=== Section Start ===

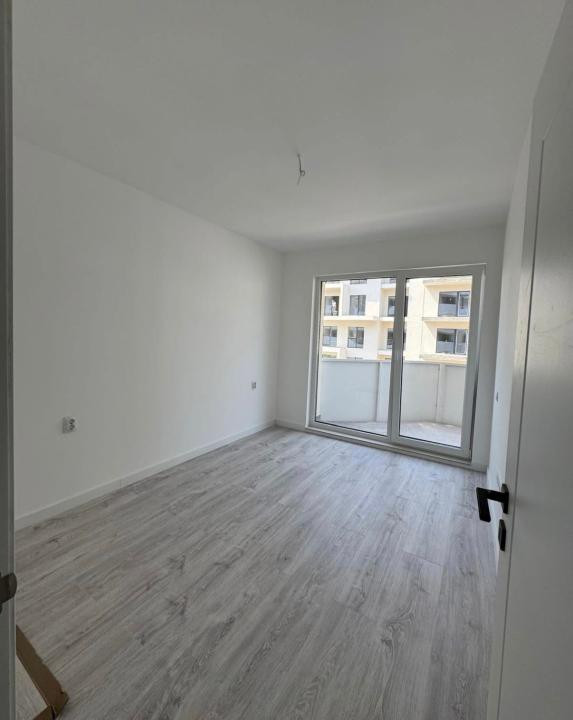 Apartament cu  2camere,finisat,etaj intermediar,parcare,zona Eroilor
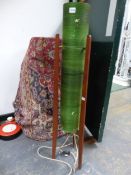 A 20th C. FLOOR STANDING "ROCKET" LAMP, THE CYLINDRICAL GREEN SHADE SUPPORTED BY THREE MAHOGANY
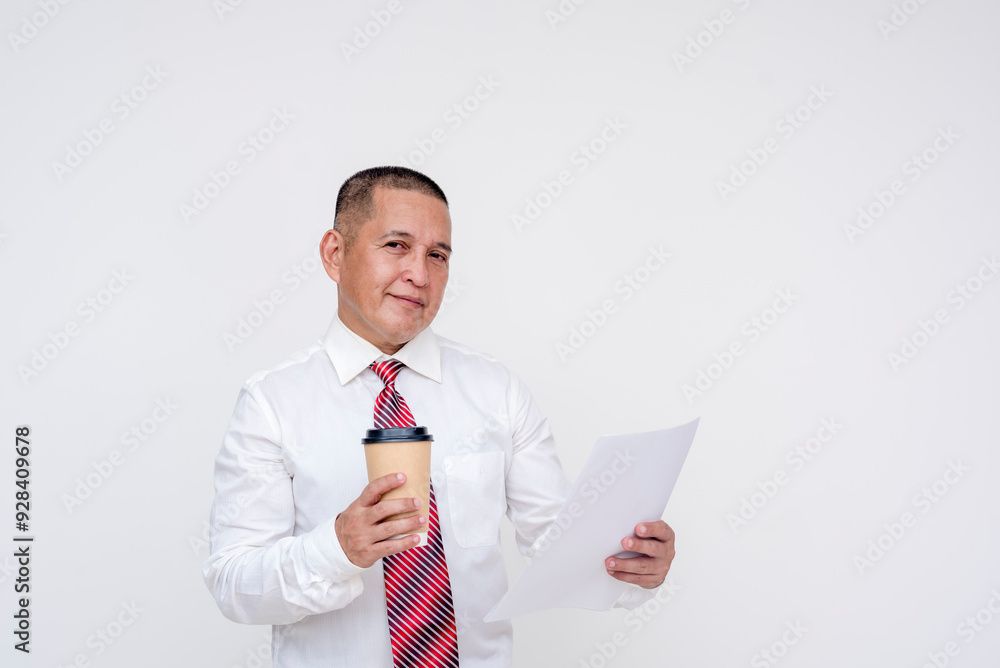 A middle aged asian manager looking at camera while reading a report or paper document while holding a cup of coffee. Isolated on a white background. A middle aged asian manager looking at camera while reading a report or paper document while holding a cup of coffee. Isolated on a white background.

=== Section End ===

ASSIGNMENT: Since the pictures are not wanted, transcribe only the rest of the material above, exactly as it stands.

RESULT:
 Apartament cu  2camere,finisat,etaj intermediar,parcare,zona Eroilor
 A 20th C. FLOOR STANDING "ROCKET" LAMP, THE CYLINDRICAL GREEN SHADE SUPPORTED BY THREE MAHOGANY
 A middle aged asian manager looking at camera while reading a report or paper document while holding a cup of coffee. Isolated on a white background. A middle aged asian manager looking at camera while reading a report or paper document while holding a cup of coffee. Isolated on a white background.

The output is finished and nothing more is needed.